The name may have nothing that immediately visibly connects it with the business. A trade name introduced to a new market may well have no value there (i.e. have no goodwill or reputation associated with it in that market), even if it is well known in other countries.


MNEs develop their names and reputations though a variety of means. It may be through the exceptional high quality of the products an MNE makes and sells - customers will have a perception that whatever the business produces will be high quality and worth paying more for. The MNE may have captured a significant proportion of the market and so can charge high prices for its products or services. Equally the MNE may invest very heavily in marketing so customers will associate it with particular products or services.
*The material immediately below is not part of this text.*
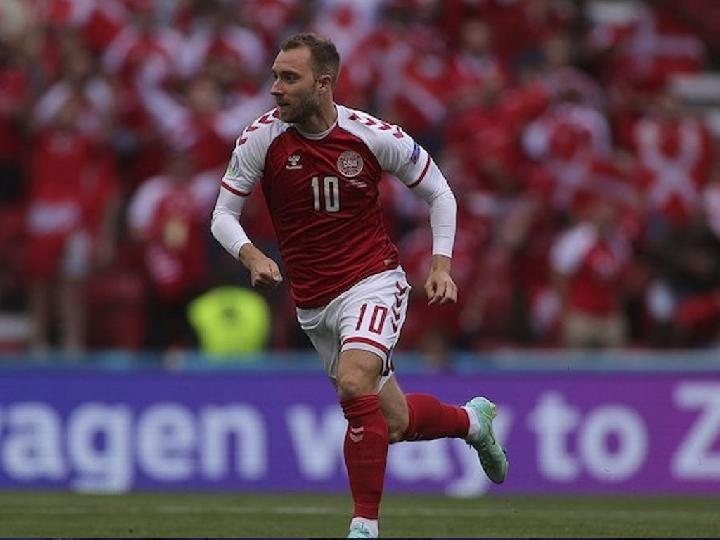 Sempat Divonis Tak Bisa Main Bola Lagi, Kini Eriksen Jadi Pemain Penting Denmark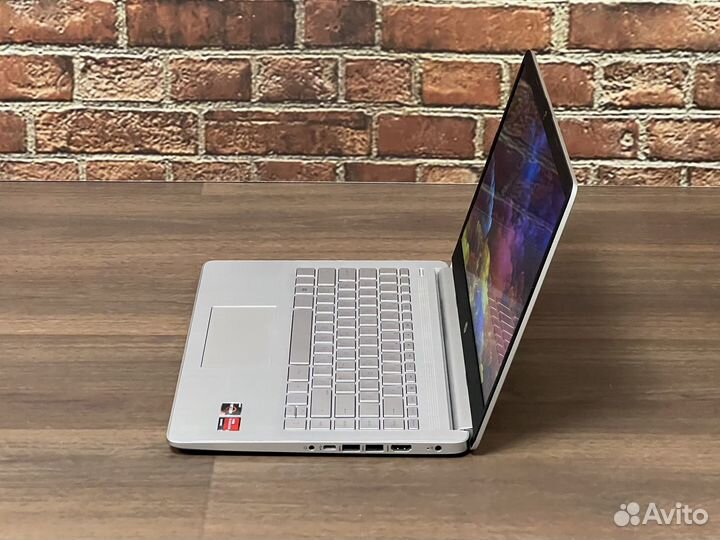 Ноутбук HP Ryzen 3/8GB/256SSD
Always take care to clarify what activity generates the profits: marketing or innate quality of product or where, as is usually the case, a combination of both, the relative importance of each.  This is frequently not a straightforward exercise but will lead to an informed view of what the arm’s length reward for the activities would be.


Who the customer is will reflect why a trade name has value. Consumer brands and business names are generally promoted to attract ‘high street’ customers. A commercial organisation on the other hand may not be interested - they will be concentrating on the product or service that is being sold to them. An associated enterprise should only be charged for use of the business name if the group can demonstrate that the use of the name and any associated intangibles owned or controlled by the licensor provides a financial benefit for the licensee, either by allowing a premium price to be charged or being able to secure a definite advantage in obtaining and maintaining market share.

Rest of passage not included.